Wekerle Castle
former Beleznay and Wekerle Estates

The Wekerle Estate (Wekerly-major in Hungarian) and the village of Dánszentmiklós were settled in the times of the Kingdom of Árpád due to their excellent location and the presence of a nearby lake. The settlement probably owes its name to a landowner named “Dán”. In the 18th and 19th centuries, the estate was owned by the Beleznay family. There is a nice story about the Beleznay manor house, which was the home of the steward of the Dános estate.
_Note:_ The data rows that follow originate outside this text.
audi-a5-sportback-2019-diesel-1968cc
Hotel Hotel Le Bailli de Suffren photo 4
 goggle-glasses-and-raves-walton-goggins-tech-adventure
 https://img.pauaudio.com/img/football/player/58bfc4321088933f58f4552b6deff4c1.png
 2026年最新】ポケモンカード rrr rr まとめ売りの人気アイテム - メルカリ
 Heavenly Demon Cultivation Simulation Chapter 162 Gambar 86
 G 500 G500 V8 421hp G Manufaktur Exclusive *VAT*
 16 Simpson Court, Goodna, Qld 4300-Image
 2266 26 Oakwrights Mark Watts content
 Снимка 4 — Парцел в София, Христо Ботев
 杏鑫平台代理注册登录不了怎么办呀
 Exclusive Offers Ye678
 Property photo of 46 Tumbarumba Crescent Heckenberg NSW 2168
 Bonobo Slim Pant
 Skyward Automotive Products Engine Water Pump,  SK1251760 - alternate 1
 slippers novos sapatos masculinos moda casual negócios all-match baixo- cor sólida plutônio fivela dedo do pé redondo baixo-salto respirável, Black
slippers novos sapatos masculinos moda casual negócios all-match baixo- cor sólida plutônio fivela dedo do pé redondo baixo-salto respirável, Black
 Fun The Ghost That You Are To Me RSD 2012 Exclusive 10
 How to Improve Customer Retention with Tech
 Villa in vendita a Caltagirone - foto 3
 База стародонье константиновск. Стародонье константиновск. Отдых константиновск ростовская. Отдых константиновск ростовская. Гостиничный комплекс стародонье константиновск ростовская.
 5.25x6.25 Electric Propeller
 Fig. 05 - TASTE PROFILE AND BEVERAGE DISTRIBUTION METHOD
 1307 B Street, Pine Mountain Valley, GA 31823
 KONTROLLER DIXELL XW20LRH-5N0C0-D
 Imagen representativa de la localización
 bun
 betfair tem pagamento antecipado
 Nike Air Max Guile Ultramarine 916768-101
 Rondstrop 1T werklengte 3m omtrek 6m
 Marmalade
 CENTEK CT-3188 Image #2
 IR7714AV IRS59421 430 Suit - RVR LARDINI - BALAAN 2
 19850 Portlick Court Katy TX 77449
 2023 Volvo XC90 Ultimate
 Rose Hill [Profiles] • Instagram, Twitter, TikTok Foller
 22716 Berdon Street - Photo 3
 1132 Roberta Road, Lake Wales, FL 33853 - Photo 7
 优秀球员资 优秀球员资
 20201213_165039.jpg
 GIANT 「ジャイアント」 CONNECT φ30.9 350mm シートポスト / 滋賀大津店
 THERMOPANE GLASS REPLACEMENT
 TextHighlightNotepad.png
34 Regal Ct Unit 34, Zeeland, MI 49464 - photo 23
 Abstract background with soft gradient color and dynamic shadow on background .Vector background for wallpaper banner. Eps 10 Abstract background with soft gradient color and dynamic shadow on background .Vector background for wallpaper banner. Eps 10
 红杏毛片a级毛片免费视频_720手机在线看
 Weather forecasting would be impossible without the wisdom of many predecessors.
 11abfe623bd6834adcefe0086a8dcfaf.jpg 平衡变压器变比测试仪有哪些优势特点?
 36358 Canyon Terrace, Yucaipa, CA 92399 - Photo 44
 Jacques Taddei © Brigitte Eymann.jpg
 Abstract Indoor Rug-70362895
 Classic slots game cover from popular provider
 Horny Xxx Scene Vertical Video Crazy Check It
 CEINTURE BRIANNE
Gaylhoffer János, Count Beleznay’s steward, married the count’s wife’s poor niece Erzsébet Wéber in 1828. The manor house into which they then moved must have been built before that year.

The L-shaped, two-storey manor house was constructed in a classicist style with seven rooms. The commercial buildings and servants’ quarters were situated opposite. On the inside of the L-shape, ten irregularly positioned columns marked a corridor leading to the entrance, with the columns doubling up at the corners. One of the couple’s sons, János Gaylhoffer Junior and his son-in-law János Bőhm fought alongside Sándor Petőfi’s younger brother István in the 1848-49 revolt against the Habsburg Monarchy. This is how István Petőfi came to Dánosi as private tutor to the two youngest Gaylhoffer children from 1857.

But after falling hopelessly in love with the landowner’s daughter, he had to leave the estate as she had already been promised to a rich landowner.

Petőfi took up a position as a steward in Csákó in Békés County, where he earned enough to purchase a 400 acre property. This paved the way for him, as a middle-class landowner, to ask for Antónia Gaylhoffer’s hand in marriage. The marriage only lasted eight weeks – the young bride, angered by her husband’s lack of loyalty, moved out of their Chákó home. She only returned for his burial in 1880. When Prime Minister Sándor Wekerle bought the Dános estate, he also took on ownership of the former Beleznay manor house and expanded the L-shaped building, adding a square based two-storey castle in a historical style in the late 19th century. The façade was characterized by the outcrop comprising five sides of the octagonal tower housing the staircase. Narrow windows were built into the upstairs rooms with enormous windows on the ground floor to let as much light in as possible.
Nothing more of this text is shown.